Moins d’une année et demie après son avènement, Pie IX lui-même, qui avait donné le branle au mouvement italien, se heurtait, chez lui, dans la pratique, à des difficultés qui le rejetaient en arrière ou l’arrêtaient; et ces hésitations précipitaient le peuple impatient, dans le courant de la révolution contre laquelle semblait marcher l’Autriche. «La grande difficulté des réformes, écrivait Rossi à Guizot, c’est l’introduction de l’élément laïque dans la direction des affaires.» Les modérés eux-mêmes, en effet, sur ce point ne transigeaient pas. Sans menacer de s’allier avec les radicaux pour faire échec au parti clérical, ils n’avaient qu’à les laisser faire. Mais celui-ci trouvait alors d’autant plus d’appui dans le gouvernement autrichien, puisque tous deux avaient le même adversaire; et c’est ainsi que, dans les Etats de l’Église, sur le terrain romain particulièrement, se posait la question nationale, et se dressait devant toutes les améliorations l’obstacle de la domination étrangère autrichienne.

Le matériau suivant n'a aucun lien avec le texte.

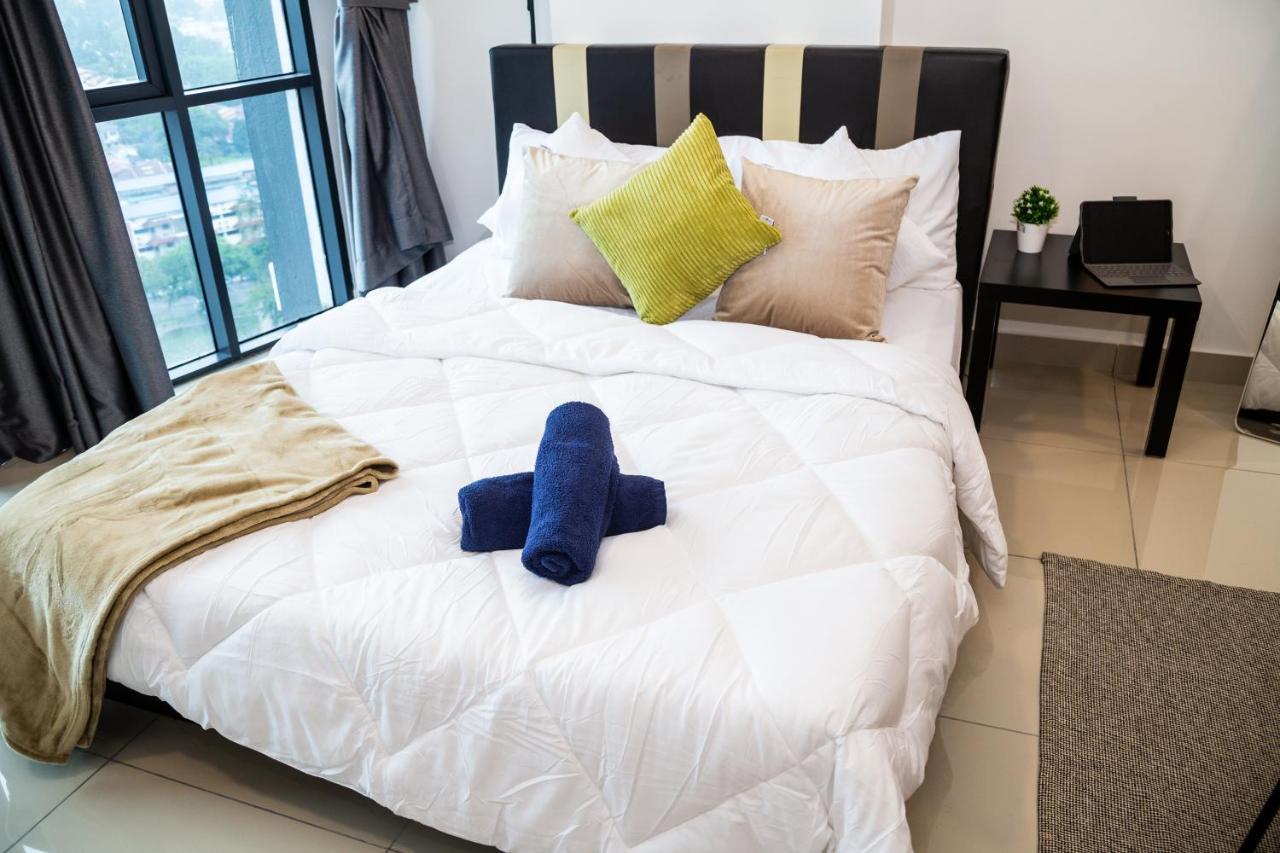 Studio Units At Pacific Tower Near Jaya One By Comfyasia Петалинг Джая Екстериор снимка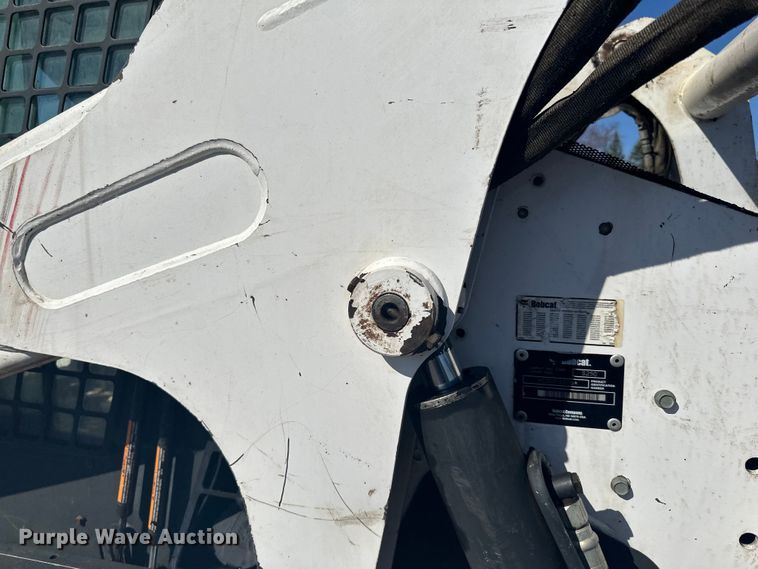 image for item DQ0743 2006 Bobcat S250 skid steer loader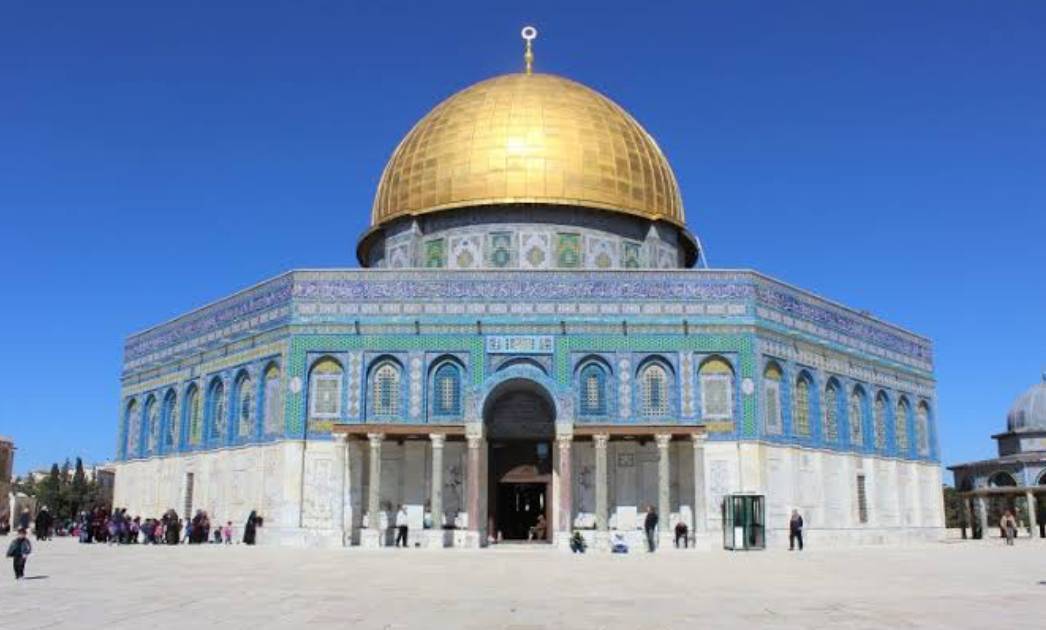 هيئة علماء فلسطين تحذر: الاحتلال يسعى لفرض السيادة الدائمة على المسجد الأقصى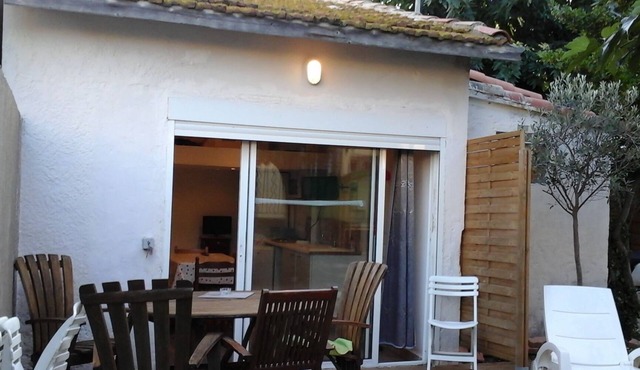 Studio with mezzanine near the port, with garden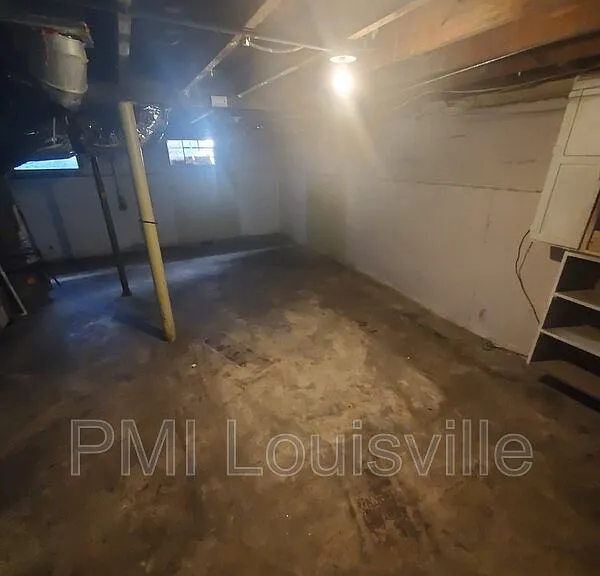 1522 Clara Ave — Photo 17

Guidé par Rossi, le pape essaya avec la plus grande bonne volonté de sortir de ces difficultés: Dans le motu proprio du 14 octobre, qui définissait les pouvoirs de la consulte depuis si longtemps promise, enfin accordée, il réserva, il est vrai, après la délibération de cette assemblée, la décision des affaires importantes au Sacré-Collége; mais il en excepta le budget des recettes et des dépenses, qui devait être présenté directement au souverain en conseil des ministres par le président de la consulte. Ce président dut être un cardinal; et Pie IX nomma Antonelli, cardinal qui s’était compromis sous Grégoire XVI, mais s’était rallié depuis. Cependant le droit de justice du foro ecclesiastico sur les laïques était aboli, l’administration municipale à Rome et dans les autres villes passait presque entièrement entre les mains des laïques. Après tout c’était un grand progrès.